TASK INSTRUCTIONS: Wherever a picture appears in the listing below, leave it out and reproduce the rest exactly.

MATERIAL PROVIDED:
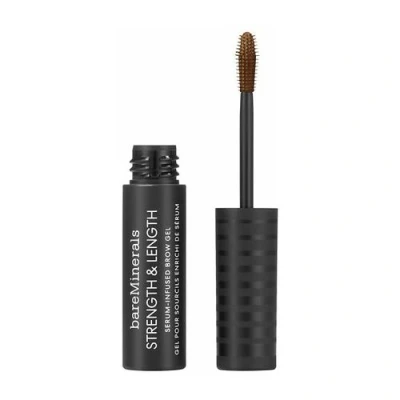 Abbildung von BareMinerals Strength &amp; Length Serum Infused Brow Gel Coffee 5 ml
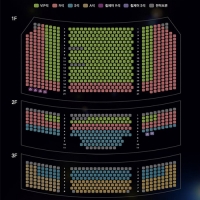 【日本公式 / VIP席】2019-20 韓国ミュージカル「レベッカ(Rebecca)」日本公式チケット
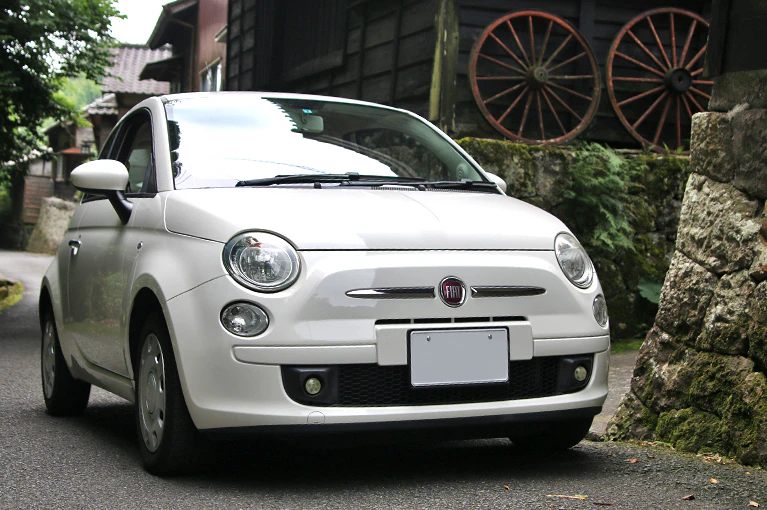fiat 500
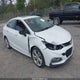 1G1BG5SM9G7303290 2016 Chevrolet Cruze Premier Auto auction photo thumbnail 1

WRITTEN ANSWER:
 Abbildung von BareMinerals Strength &amp; Length Serum Infused Brow Gel Coffee 5 ml
 【日本公式 / VIP席】2019-20 韓国ミュージカル「レベッカ(Rebecca)」日本公式チケット
fiat 500
 1G1BG5SM9G7303290 2016 Chevrolet Cruze Premier Auto auction photo thumbnail 1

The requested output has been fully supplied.